Most of these trends have been around for a while now, and there are definitely days where I feel like some daily incentive is pushing too hard in the direction of having to play a certain type of content a certain way.  Then again, I suppose there are days when having a good idea of the most valuable use of my time can help dodge decision paralysis from having too many options.  It is what it is. 

Monday, October 6, 2014

Pay Not To Play, Revan Style

"The sad truth with SWTOR is that I'd pay Bioware a fair amount of money - possibly as much as I've spent on the game during sporadic subscriptions - if they just removed the gameplay and offered an interactive movie version of the story in which my character just wins all the fights after I've chosen my dialog.  I suppose double exp is the next best thing in that at least I don't have to do any side quests, but this also does NOT motivate me to get back into the game when the exp drops back down to the normal rate."
- Me, back in March
Bioware has launched SWTOR's latest expansion pre-sale campaign with an odd pre-order exclusive - pay to get out of playing anything but your class story. Customers who pre-purchase the digital expansion for $20 and ALSO subscribe to the technically subscription-optional title will gain more than 12 times the usual rate of experience from their class story missions.  The boosted missions grant enough experience to reach the maximum level of 55 without doing any side-missions, PVP, dungeons, or other content to supplement their experience gain. 

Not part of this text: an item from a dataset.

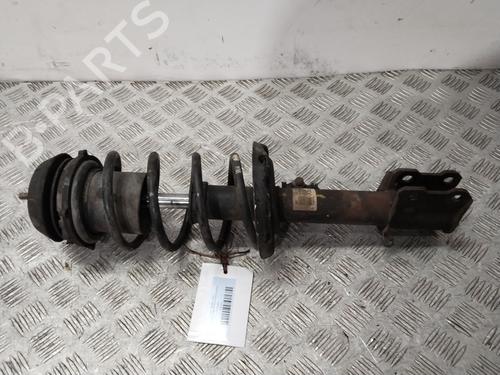 Venstre fortil støddæmper OPEL CORSA C (X01) 1.2 (F08, F68) (75 hp) 30594629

Bioware's decision to offer eight distinct class stories - each with writing, production, and acting costs to rival a reasonably sized game - added significantly to SWTOR's notoriously high budget.  The investment largely failed to pay off, as players burned through the one-eighth of the story content available to their characters inside of a month and canceled their then-mandatory subscriptions.  The concept of movie-quality stories for each additional character sounded nice in principle, but in practice I was never able to get excited about taking characters to the same worlds in the same order to do (or work around) the same planetary storylines - sometimes with classes that played similarly - just to eventually earn a minute or two of conversation towards the class story plot. 

And thus the compromise - you still cannot get out of playing at least some SWTOR to see the story, but you can get out of playing most of SWTOR.  Only trouble is, that may still be more SWTOR than I'm willing to play, much less pay for.  Such is the peril of marketing NOT playing your title.